= TASK =
Using the records below, repeat exactly the lines from the one holding "Livro Churrasco de" through the one holding "x 84,5 &epsilon;&kappa;", both ends included, and no others.

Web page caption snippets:

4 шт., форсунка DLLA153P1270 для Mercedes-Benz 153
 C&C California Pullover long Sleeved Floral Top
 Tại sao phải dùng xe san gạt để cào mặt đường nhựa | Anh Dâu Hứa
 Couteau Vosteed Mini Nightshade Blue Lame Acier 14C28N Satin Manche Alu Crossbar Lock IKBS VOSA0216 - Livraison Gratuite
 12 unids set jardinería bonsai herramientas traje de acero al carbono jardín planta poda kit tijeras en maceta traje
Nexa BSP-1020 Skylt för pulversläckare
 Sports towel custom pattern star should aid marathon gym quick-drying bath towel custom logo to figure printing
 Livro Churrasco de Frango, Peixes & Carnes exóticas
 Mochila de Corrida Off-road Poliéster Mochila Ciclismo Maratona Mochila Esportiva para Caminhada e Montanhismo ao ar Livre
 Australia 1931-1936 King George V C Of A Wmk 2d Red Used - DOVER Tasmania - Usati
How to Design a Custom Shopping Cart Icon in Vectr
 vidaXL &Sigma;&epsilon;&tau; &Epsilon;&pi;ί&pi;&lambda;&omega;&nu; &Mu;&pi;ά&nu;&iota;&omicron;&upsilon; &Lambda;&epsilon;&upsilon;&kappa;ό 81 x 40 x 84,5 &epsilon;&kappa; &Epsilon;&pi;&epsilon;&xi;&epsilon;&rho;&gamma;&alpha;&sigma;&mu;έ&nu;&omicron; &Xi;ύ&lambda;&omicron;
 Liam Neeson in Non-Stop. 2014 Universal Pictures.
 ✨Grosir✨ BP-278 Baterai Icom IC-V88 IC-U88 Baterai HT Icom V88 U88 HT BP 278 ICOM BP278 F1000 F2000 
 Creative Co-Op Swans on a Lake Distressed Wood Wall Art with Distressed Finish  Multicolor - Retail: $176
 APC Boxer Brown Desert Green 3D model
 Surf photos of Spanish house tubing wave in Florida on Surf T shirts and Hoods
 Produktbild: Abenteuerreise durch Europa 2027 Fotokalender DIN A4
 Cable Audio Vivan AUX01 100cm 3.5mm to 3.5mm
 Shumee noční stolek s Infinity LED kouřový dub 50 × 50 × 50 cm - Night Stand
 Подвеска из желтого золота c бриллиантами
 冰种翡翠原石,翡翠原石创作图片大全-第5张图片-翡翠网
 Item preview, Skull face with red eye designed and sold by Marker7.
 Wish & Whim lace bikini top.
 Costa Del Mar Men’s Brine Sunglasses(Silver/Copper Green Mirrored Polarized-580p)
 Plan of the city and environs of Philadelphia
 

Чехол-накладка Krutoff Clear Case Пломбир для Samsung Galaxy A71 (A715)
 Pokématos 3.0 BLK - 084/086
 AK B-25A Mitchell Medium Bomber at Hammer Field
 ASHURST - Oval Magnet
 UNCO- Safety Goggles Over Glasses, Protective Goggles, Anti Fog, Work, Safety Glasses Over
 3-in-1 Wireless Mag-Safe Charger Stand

= RESPONSE TO THIS EXERCISE =
 Livro Churrasco de Frango, Peixes & Carnes exóticas
 Mochila de Corrida Off-road Poliéster Mochila Ciclismo Maratona Mochila Esportiva para Caminhada e Montanhismo ao ar Livre
 Australia 1931-1936 King George V C Of A Wmk 2d Red Used - DOVER Tasmania - Usati
How to Design a Custom Shopping Cart Icon in Vectr
 vidaXL &Sigma;&epsilon;&tau; &Epsilon;&pi;ί&pi;&lambda;&omega;&nu; &Mu;&pi;ά&nu;&iota;&omicron;&upsilon; &Lambda;&epsilon;&upsilon;&kappa;ό 81 x 40 x 84,5 &epsilon;&kappa; &Epsilon;&pi;&epsilon;&xi;&epsilon;&rho;&gamma;&alpha;&sigma;&mu;έ&nu;&omicron; &Xi;ύ&lambda;&omicron;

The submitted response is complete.